米Appleは新Mac mini向け「M6」と新Mac Studio向け「M5 Ultra」を発表した。
M6は2ナノメートルプロセスを採用し、M5 Ultraは最大512GBのユニファイドメモリに対応する。両チップでオンデバイスAIの処理能力を高める。
Apple、M6とM5 Ultraを発表しAI演算を強化
Appleは2026年8月25日、新チップ「M6」と「M5 Ultra」を発表した。
M6は新型Mac miniに、M5 Ultraは新型Mac Studioに搭載される。
M6は同社初の2ナノメートルチップで、12コアCPU、12コアGPU、デュアル16コアNeural Engineを備え、最大32GBのユニファイドメモリとM5比10%増の170GB/sの帯域幅に対応する。
CPUは2つのスーパーコア、4つの高性能コア、6つの高効率コアで構成される。
M5比で最大1.2倍、M1比で最大2.4倍のマルチスレッド性能を発揮し、Neural Engineのピーク演算性能は前世代比で最大2倍となる。
GPUには各コアにNeural Acceleratorを搭載し、AIのピーク時GPU演算性能はM5比で30%近く、M1比で8倍以上向上する。
Dynamic Cachingやハードウェアアクセラレーテッドレイトレーシングも備え、複雑なグラフィックス向けのジオメトリレートは50%向上した。
一方、M5 UltraはMシリーズのSoCで初めてクアッドダイアーキテクチャを採用した。

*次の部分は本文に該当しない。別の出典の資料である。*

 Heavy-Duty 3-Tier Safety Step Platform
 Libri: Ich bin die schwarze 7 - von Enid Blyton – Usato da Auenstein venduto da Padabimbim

UltraFusionで2つのデュアルダイM5 Maxを接続し、最大36コアCPU、最大80コアGPU、32コアNeural Engineを搭載する。
M3 Ultra比でシングルスレッド性能は最大1.25倍、マルチスレッド性能は最大1.3倍、グラフィックス性能は最大40%高速化する。
AIのピーク時GPU演算性能はM3 Ultra比で最大4.5倍、M1 Ultra比で6倍以上となる。
最大512GBのユニファイドメモリと1.2TB/sの帯域幅により、数千億パラメータのLLMを完全にデバイス上で実行できる。
さらに、4つのProResエンコード/デコードエンジンやAV1デコードにも対応し、Core AI、Core ML、Metal、Xcodeなどを通じた大規模AIモデルの実行やファインチューニングも可能としている。
ローカルAIの拡大を後押しする一方、導入面に課題も
今回のチップ強化は、AI処理をクラウドだけに依存せず、端末側で完結させたい企業や開発者にとって選択肢を広げる材料になりそうだ。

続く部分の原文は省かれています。